El reconocido conservacionista Dr. Richard Leakey, (hijo de Louis y Mary
Leakey, descubridores del Homo Habilis en el este de África), contabilizó casi
700 elefantes muertos por marfil entre los años 2012 y 2013, y unos 20.000
elefantes en todo el continente a manos de furtivos sólo el año pasado.
Los
hechos indican que la prohibición sin fundamentos científicos no funciona, y
los daños que provoca al medio ambiente pueden llegar a ser irreparables.
El mito
de la caza fotográfica
Otro mito común es que los safaris
fotográficos son la mejor herramienta para preservar la fauna, ya que generan
valor económico y no se mata ningún animal. Lo cual es enteramente cierto. Sin
embargo, en un estudio estadístico de la revista Africa Geographic realizado
para comparar el impacto ambiental entre ambas industrias en una operación de
caza y un parque nacional, señalaba que en 6 meses de temporada de caza la
ocupación de un campamento es de 30 turistas cazadores. La ocupación de una
operación fotográfica a lo largo de los 12 meses (no hay temporadas
establecidas) es de 2.630 turistas fotógrafos.
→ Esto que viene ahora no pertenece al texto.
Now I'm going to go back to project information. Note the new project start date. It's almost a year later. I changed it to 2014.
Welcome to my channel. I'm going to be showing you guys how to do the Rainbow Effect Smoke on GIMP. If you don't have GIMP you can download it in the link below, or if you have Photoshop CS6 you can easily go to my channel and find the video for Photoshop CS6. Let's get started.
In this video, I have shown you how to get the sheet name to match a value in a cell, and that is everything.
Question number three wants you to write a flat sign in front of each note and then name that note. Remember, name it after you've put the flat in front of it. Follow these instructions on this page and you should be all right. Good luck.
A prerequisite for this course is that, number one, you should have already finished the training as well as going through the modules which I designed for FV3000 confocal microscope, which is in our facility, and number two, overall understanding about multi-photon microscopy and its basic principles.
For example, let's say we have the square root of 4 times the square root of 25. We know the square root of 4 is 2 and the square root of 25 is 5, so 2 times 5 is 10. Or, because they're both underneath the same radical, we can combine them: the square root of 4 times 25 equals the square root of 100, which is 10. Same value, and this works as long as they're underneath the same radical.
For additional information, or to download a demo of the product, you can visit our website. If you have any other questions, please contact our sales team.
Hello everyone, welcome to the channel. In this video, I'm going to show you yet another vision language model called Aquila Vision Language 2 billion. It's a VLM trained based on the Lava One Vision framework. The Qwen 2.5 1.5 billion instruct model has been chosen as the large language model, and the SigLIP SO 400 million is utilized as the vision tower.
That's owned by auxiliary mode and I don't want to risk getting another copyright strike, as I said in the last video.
Si los ingresos son similares, como
sucede en Tanzania donde sus parques nacionales reciben unos 11 millones de
dólares anuales por ingresos del turismo de safaris fotográficos y 10.5
millones dólares por ingreso de cacería, está claro que el impacto ambiental es
considerablemente mayor en el caso de los fotógrafos. A esto se lo denomina
turismo consuntivo, es decir que consume. En la cacería se “consume” la vida de
un ejemplar. En la fotografía no, pero el impacto ambiental es superior ya que
los animales no identifican si el clik proviene de una Canon o de un Remington.
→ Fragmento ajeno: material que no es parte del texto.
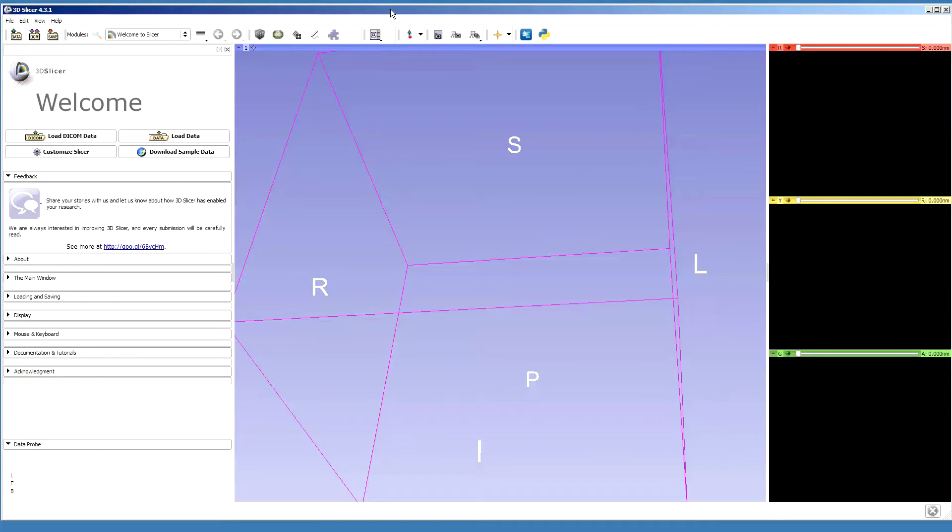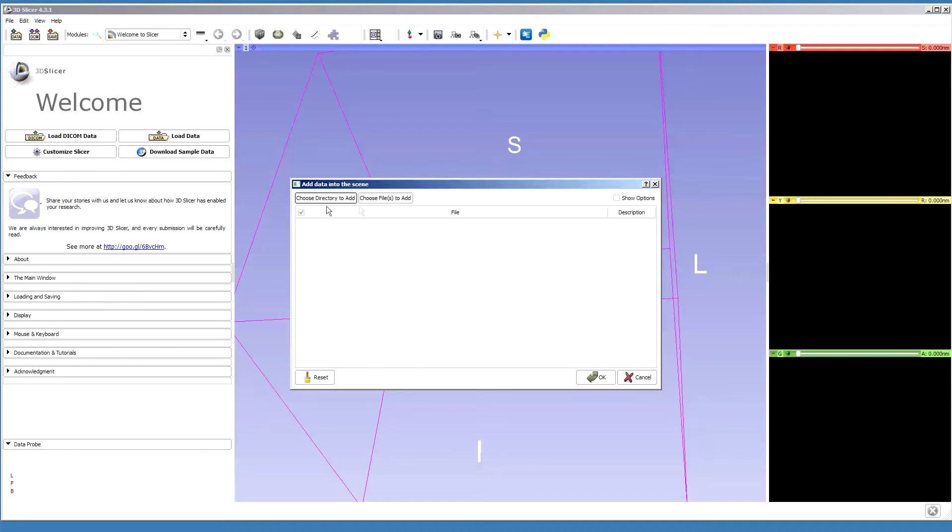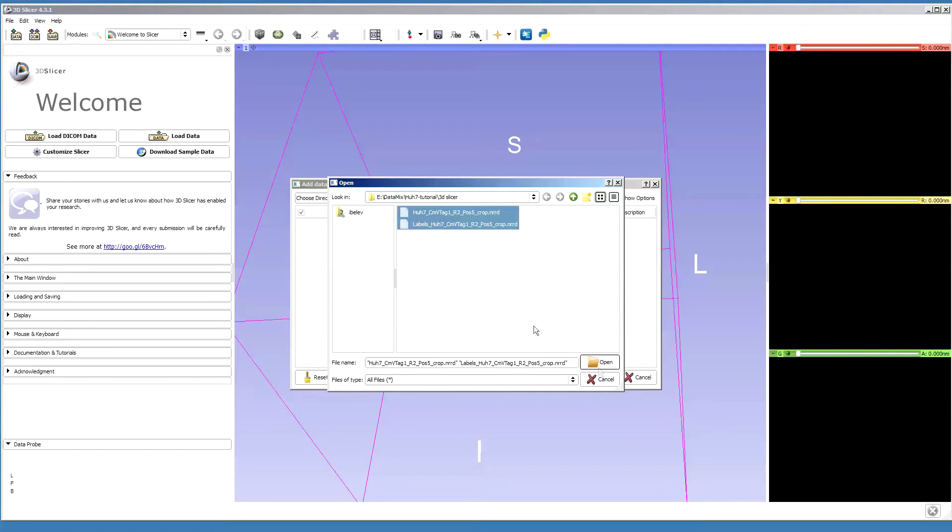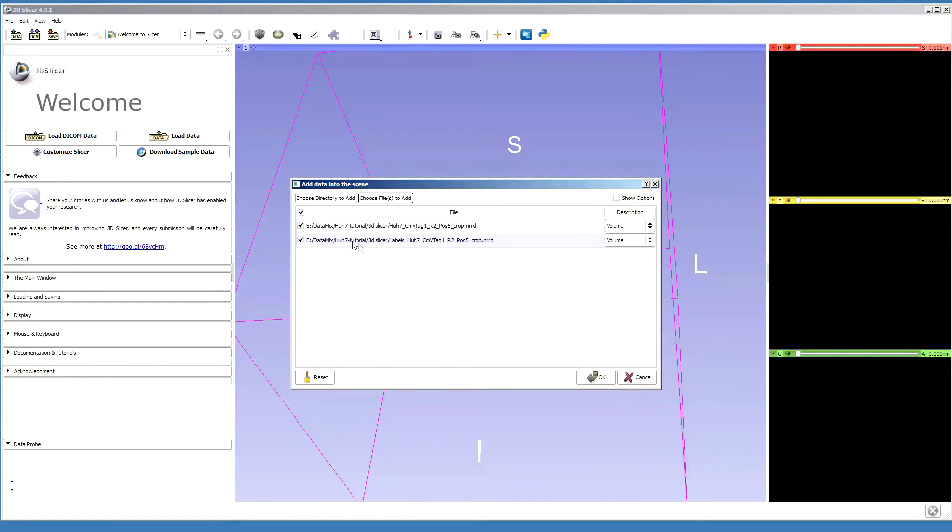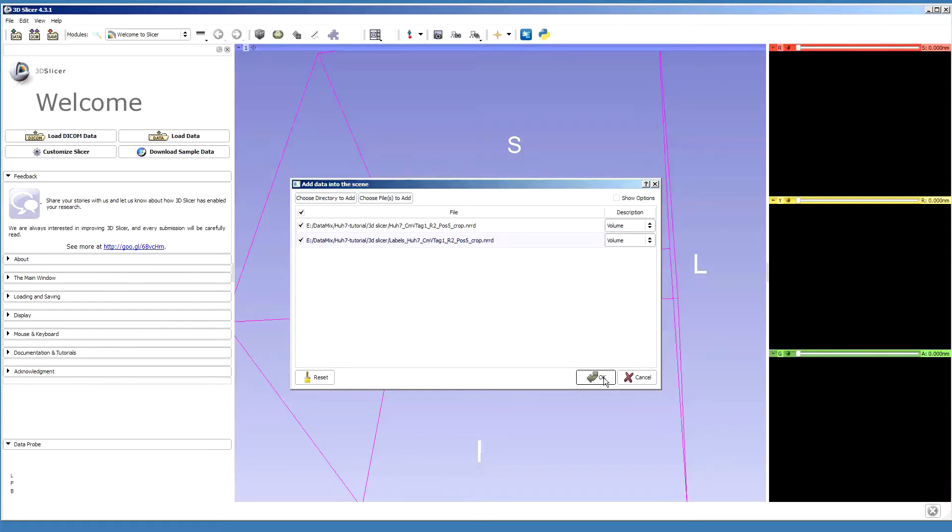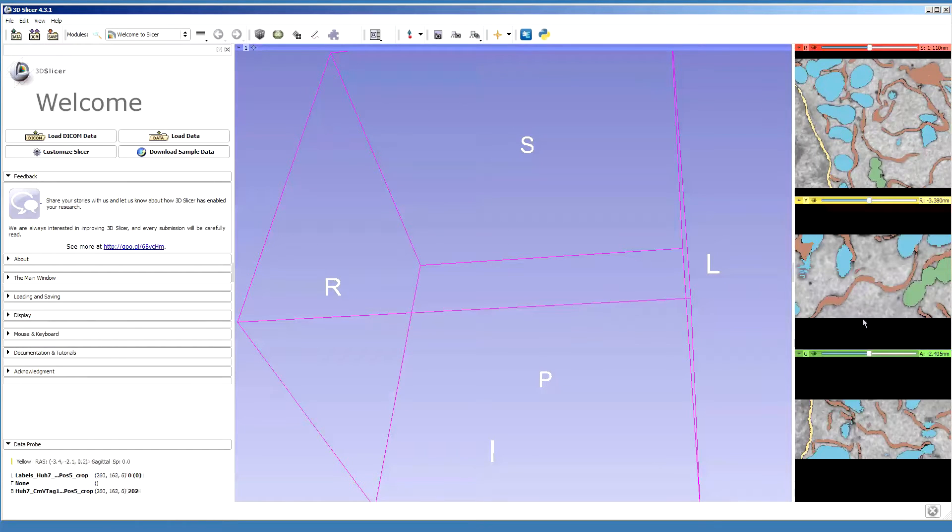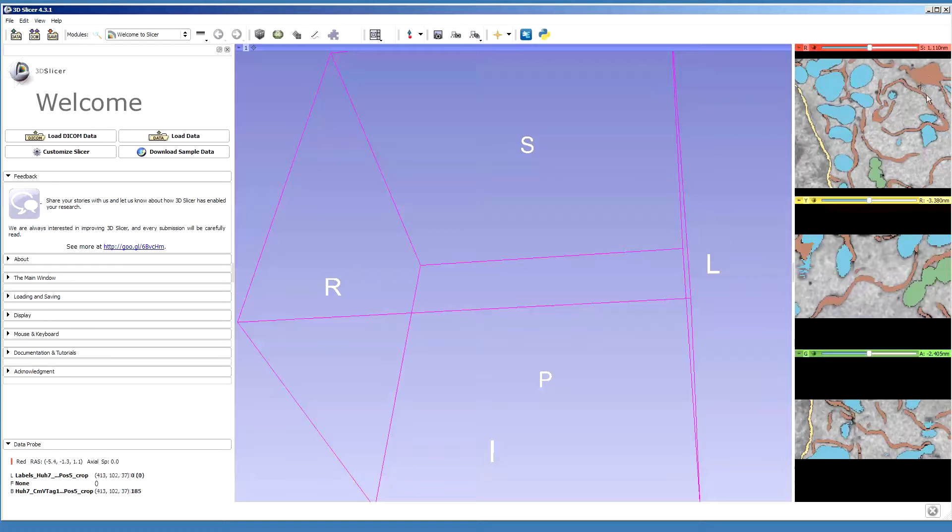The first thing to do is to open data. We click on this data button and then choose files to add and select both of our materials and then click OK. So the volumes are open now, and you can see there is a dataset and above this dataset there is our model.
Y aunque parezca inocuo, el tremendo flujo de turistas que violan el espacio
vital de los animales (2.600 veces más si las estadísticas son ciertas), la
infraestructura que requiere albergar y movilizar semejante cantidad de gente
en un espacio físico finito como puede ser un parque nacional, impacta
directamente sobre los animales, generando estrés y consecuentemente cambios en
el comportamientos, especialmente en alimentación (se hacen nocturnos) y
apareamiento (disminuye la tasa de procreación). Lo que afecta obviamente el
crecimiento demográfico de las manadas, provocando de manera indirecta un
efecto consuntivo peor que la eliminación de un macho viejo que ha dejado atrás
su ciclo de reproducción. Paradójicamente a esto se lo llama turismo no
consuntivo o ecológico. Otro error conceptual camuflado de verdad.
Muchas veces he escuchado gente
oponerse a la cacería legal aduciendo su pertenencia a Greenpeace, a Vida
Silvestre o a alguna otra ONG ecologista de características similares. Por
supuesto que todos tenemos derecho a pensar lo que queramos, pero lo que no es verdad
es que todas las organizaciones ecologistas condenen la caza deportiva. Creerlo
es otro serio error producto del desconocimiento.
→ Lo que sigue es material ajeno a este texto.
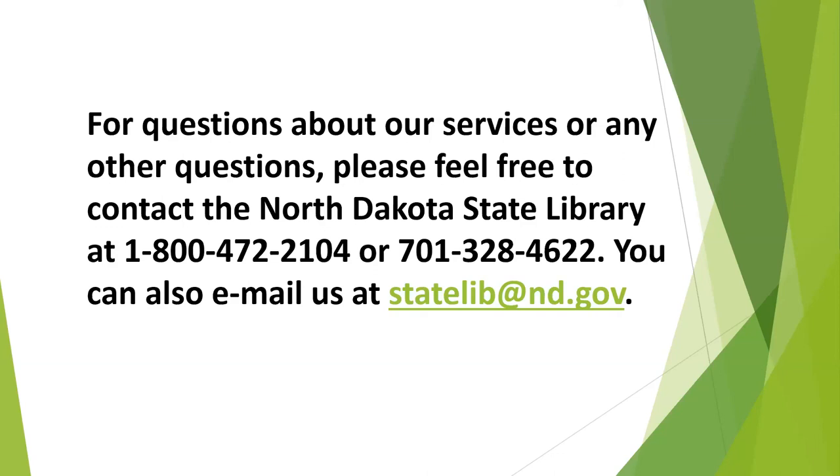And you can also use the statelib at nd.gov for any questions whatsoever. Seeing that there aren't any questions, I'll conclude this webinar. I want to thank you for your time. And if there's any way that we can answer any questions about interlibrary loan or any other services that we offer, please feel free to reach out to us. Thank you.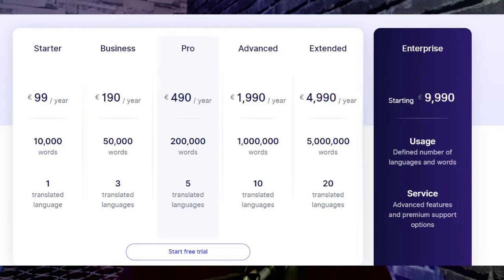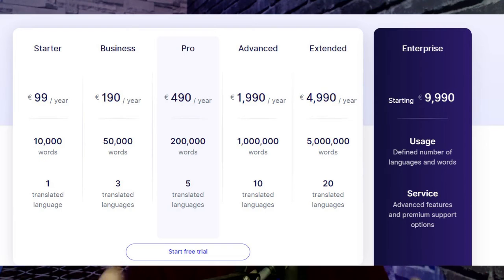Now we can add our new contender — Weglot. Their yearly plans start at $99 per year, and you can start with a free version that offers 1,000 words of translation to get an idea of how it works. Weglot's pricing is based on the number of words and the number of languages you want to translate, whereas WPML and Polylang are package-based, so you don't have to worry about word count.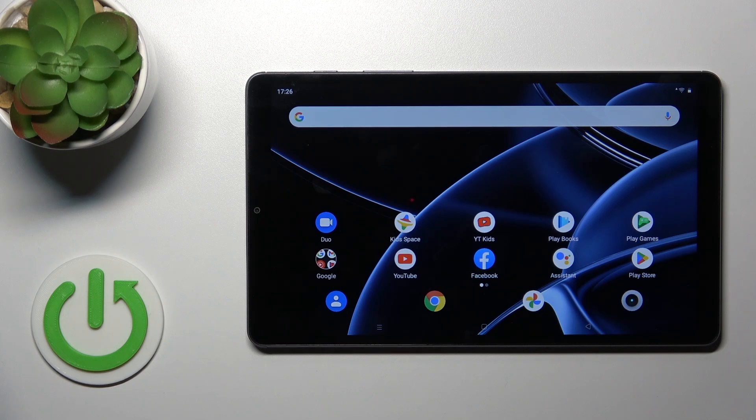Hi, it is here for the Fury Realme Pad Mini and I will show you how to remove home screen widgets on this device.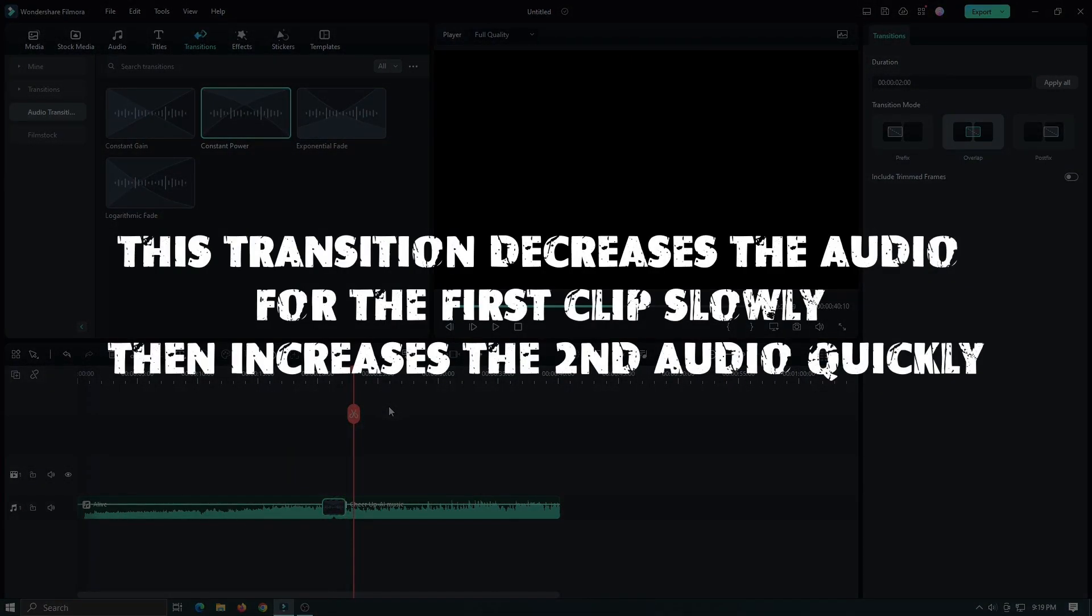This transition decreases the audio for the first clip slowly, then increases the second audio quickly.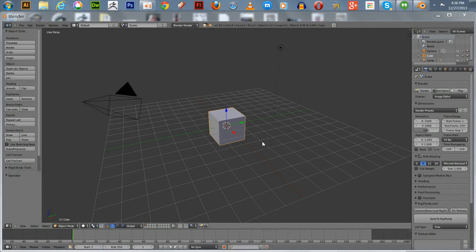Welcome everyone to another one of my Blender tutorials. I've always tried to find something really different for doing a blended tutorial — things that other people haven't covered. What I'm going to show you how to make today is what I call a scimitar — a scimitar-shaped sword.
A las pruebas me remito. La World
Wildlife Fund (WWF) ha señalado que la conservación de especies de fauna, no
tendrá éxito sin el apoyo de la comunidad internacional de cazadores. Según
ellos, esto ya dejó de ser tema de debate. Es un hecho indiscutible. En
Argentina, La Fundación Vida Silvestre (FVSA) acepta también la caza, siempre
que sea realizada de manera sustentable, respetando especies, cupos y
temporadas, y restringiéndose la actividad a los sitios permitidos. Greenpeace
Argentina por su parte, no suele emitir definiciones sobre la caza legal, y lo
más cercano a esta temática fue una declaración de Agosto del 2013 en su sitio
de Facebook donde reconoce que “en lo que hace a problemáticas relacionadas con
los derechos del animal, como su maltrato, abuso, desprotección, violación a
las leyes sobre tráfico de especies, circos, zoológicos, etc. no cuenta con
experiencia en este campo ya que estos temas puntuales escapan a las
problemáticas ambientales en las que trabajamos”.
Por lo tanto y para concluir con estas
reflexiones sobre la caza y la conservación, me gustaría recordar las palabras
del escritor Wayne Dyer, quien suele decir que “el nivel más alto de ignorancia
es cuando rechazas algo de lo cual no sabes nada”. Lamentablemente con esto es
con lo que tenemos que lidiar para sustentar nuestra posición como cazadores
deportivos. Una tarea bastante difícil en los tiempos que corren.